Where Names is a table with columns ['Id', 'Name', 'DateId', 'Description'] and Dates is a table with columns ['Id', 'Date', 'Description'], the columns Id and Description will be duplicated after being joined.
Names = sparkSession.sql("SELECT * FROM Names")
Dates = sparkSession.sql("SELECT * FROM Dates")
NamesAndDates = Names.join(Dates, Names.DateId == Dates.Id, "inner")
NamesAndDates = deDupeDfCols(NamesAndDates, '_')
NamesAndDates.saveAsTable("...", format="parquet", mode="overwrite", path="...")

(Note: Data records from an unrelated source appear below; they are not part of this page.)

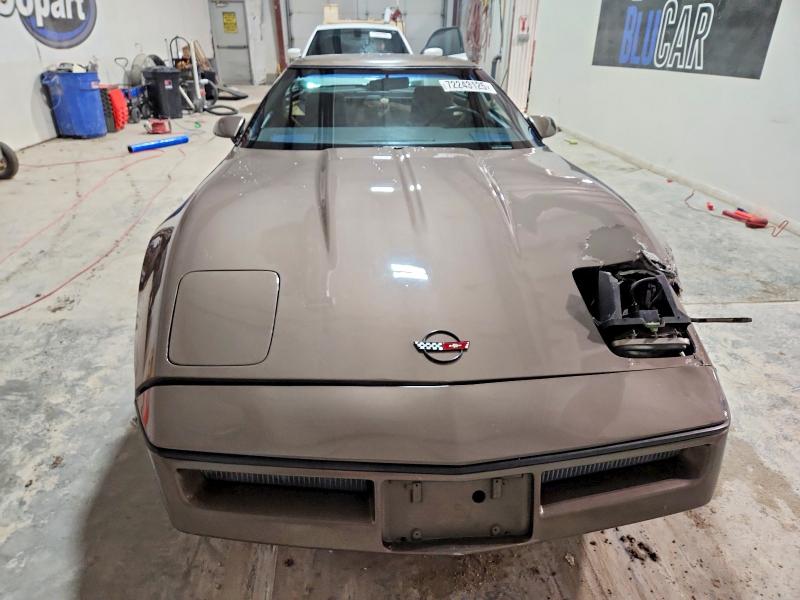 Photo 5 from auction – 1985 CHEVROLET CORVETTE with VIN 1G1YY078XF5123378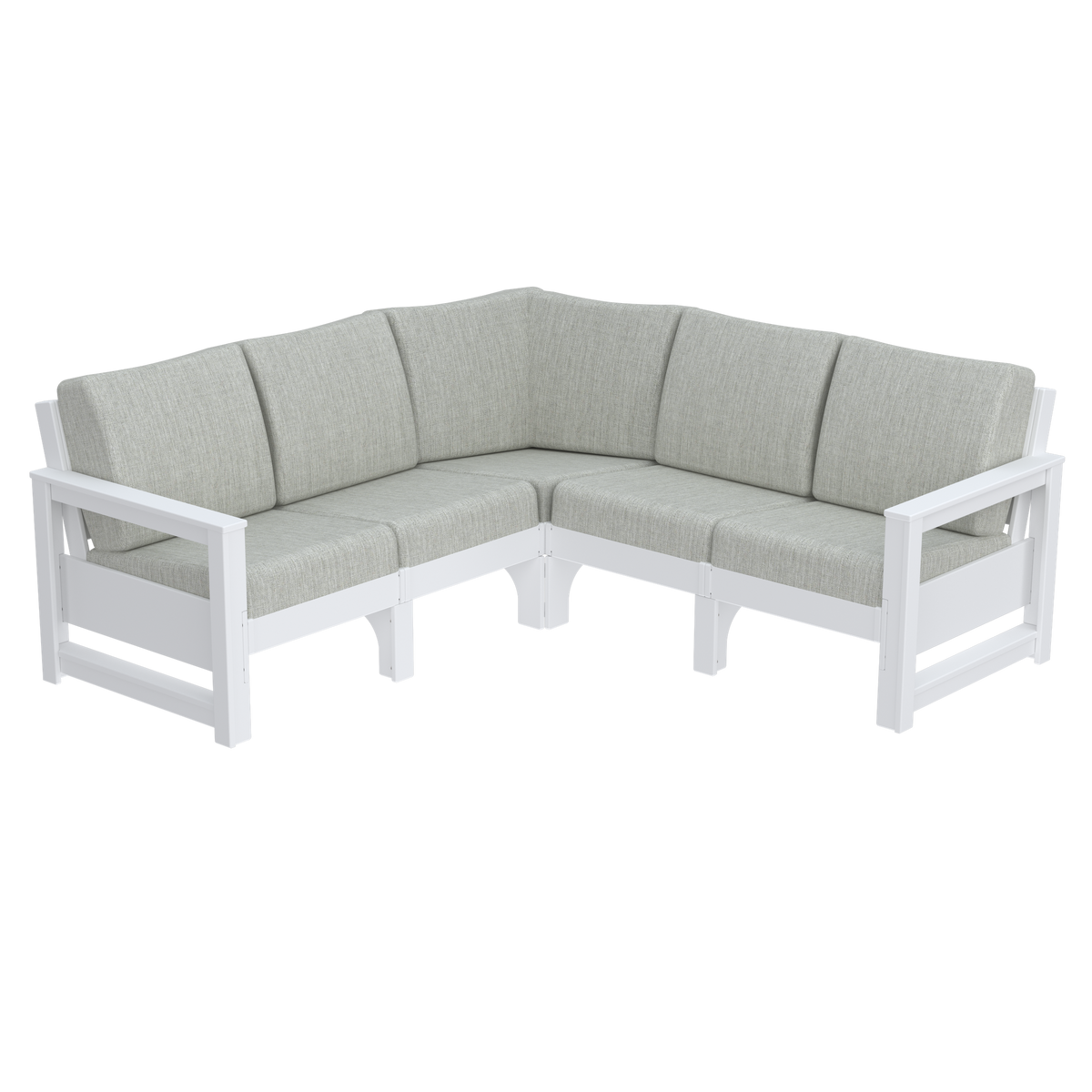 Modern Outdoor 5 Seater Sectional
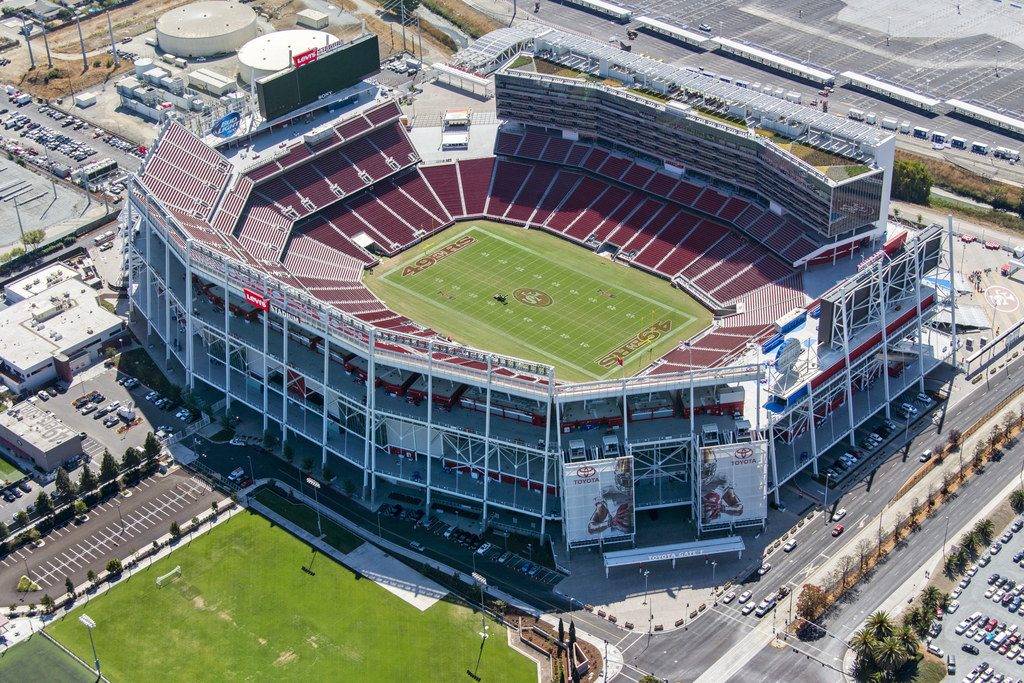 49ers football stadium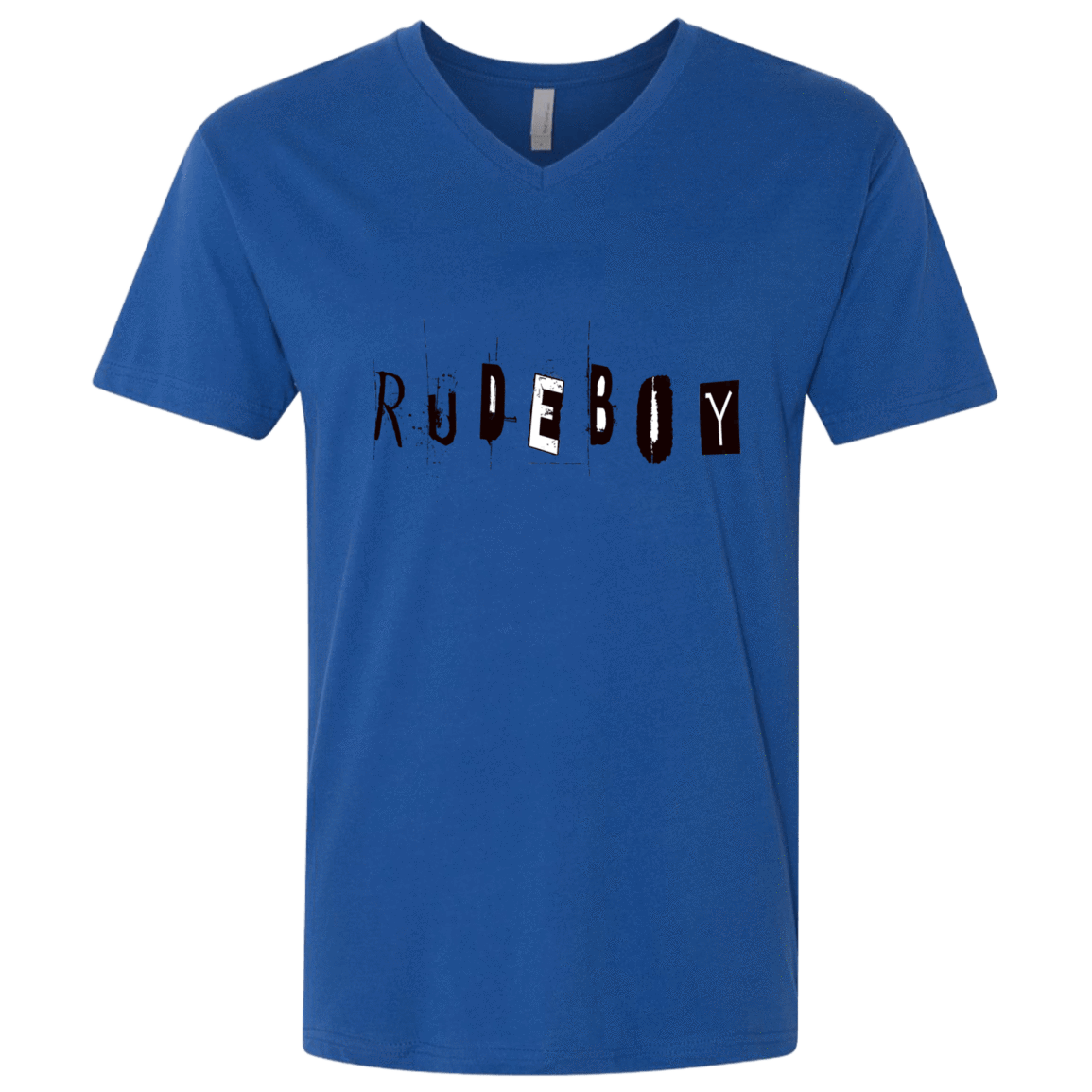 T-Shirts Royal / X-Small Rudeboy Men's Premium V-Neck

Where deDupeDfCols is defined as:
def deDupeDfCols(df, separator=''):
newcols = []
for col in df.columns:
if col not in newcols:
newcols.append(col)
else:
for i in range(2, 1000):
if (col + separator + str(i)) not in newcols:
newcols.append(col + separator + str(i))
break
return df.toDF(*newcols)
The resulting data frame will contain columns ['Id', 'Name', 'DateId', 'Description', 'Id2', 'Date', 'Description2'].
Apologies this answer is in Python - I'm not familiar with Scala, but this was the question that came up when I Googled this problem and I'm sure Scala code isn't too different.